The first and most important reason for this birthday being important is that I'm about to take a vacation. I'm travelling to meet an internet love for the first time. We've known each other for four years, but we've never had the opprotunity to meet face to face. I know, that sounds pathetic. But there are reasons. On August 21st, 2001, I will get to run into the arms of my best friend and hug her. I am scared. I fear that my four year long relationship will be over before the end of the month. Both of us are worried that when we're together, things that aren't important over the internet will suddenly become apparent, obvious, important, and show-stopping. I fear this. I give myself a 50% chance of still having my love at the end of this month. Sad and pathetic odds. Please wish me luck.

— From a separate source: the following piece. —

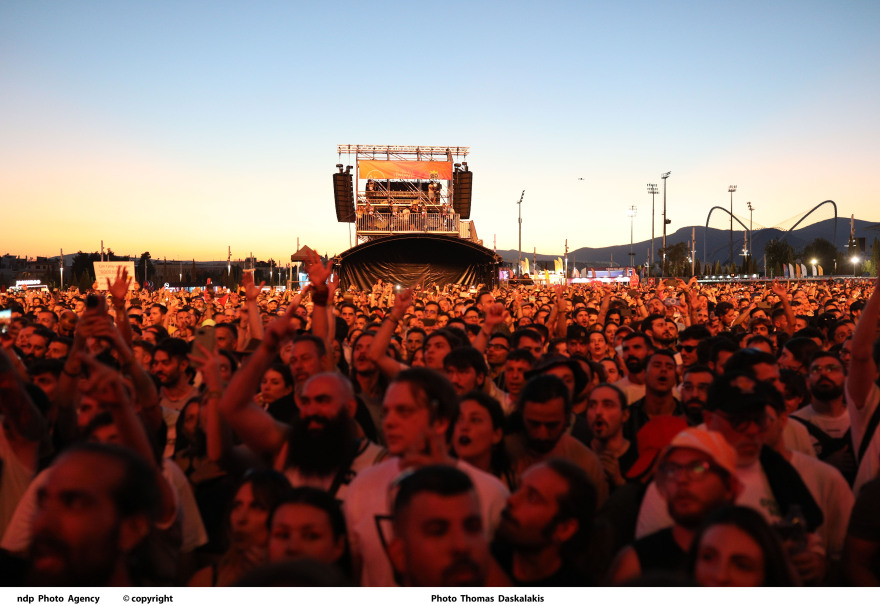 Οι Prodigy... έβαλαν τη φωτιά και οι Green Day «έκαψαν» το ΟΑΚΑ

The second reason for this birthday being important is that I am about to move out of my home of 19 years. Within a month of me being adopted by my parents, I was living in this house. It is my home, not just a house. My father gave me a piece of paper for my birthday, promising me $500 worth of furniture or other things I will need when I move out. $500 may just be a scratch on the surface, but it is making this moving out thing more real. More real than the unbelievable hope that it once was. I always knew I would move out, of course (maybe unlike my bum of a brother. *grin*), but to actually do it is a massive undertaking. Not just physically, but emotionally.

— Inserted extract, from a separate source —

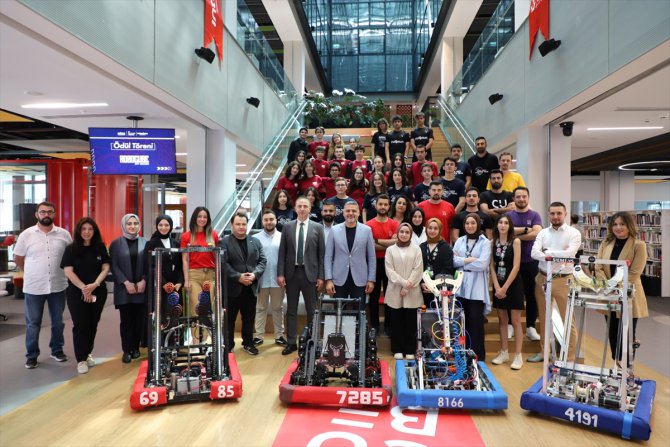 Robocube Off-Season 2023 robot yarışması gerçekleştirildi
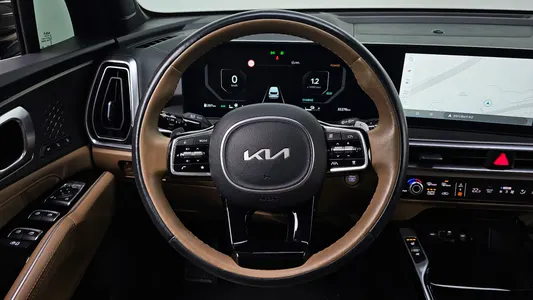 Kia 4 HEV 1.6 2WD 2024 14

The third reason for this birthday being important is that for once in my life I feel some emotion towards my brother, other than hatred. My brother decided to also move out two weeks ago. (He is three years older than me.) Our basement where he bummed around for years without doing anything is getting empty, even though I don't know where he is taking his stuff. He is leaving because he hates my dad, and because he needs to get out on his own. He cannot always live dependant upon my father, but he always has. Based upon past experiences, I can even say that he can't hold down a job for more than a couple months. He has never really tried to, though. I feel pity for him now, not hatred. Nothing else though. Yet?

The last reason for this birthday being important is that it is now just over ten years since my mother died, the victim of leukemia. Given ten years, I have buried this pain and it is not a part of my day to day life. It has now been an immense amount of time since this tragedy occured though, and it's amazing that what once utterly destroyed my little nine-year-old life is now just a distant memory. It is already incredible to see how fast time passes.

"Because we do not know when we will die, we get to think of life as an inexhaustible well, and yet everything happens only a certain number of times... How many more times will you remember a certain afternoon of your childhood... that is so deeply a part of your being you can't even conceive of your life without it? Perhaps not even that. How many more times will you watch the full moon rise? Perhaps, twenty. And yet it all seems limitless."
Paul Bowles' novel The Sheltering Sky

Update, a year and a half later: Me and my internet love survived the vacation in August. We came out of it feeling even closer and more connected than ever before. And then we broke up in December, after the euphoria of being together wore off and I realized that I regreted the relationship.

I moved out of my house, moved into an apartment. It was good. Eventually moved out of there, across the country, and then back a little while later. It's all good.

As for my brother, he had a son in January and I became uncle Lao-Tzu. He's currently working full-time and looks to have a promising future for once.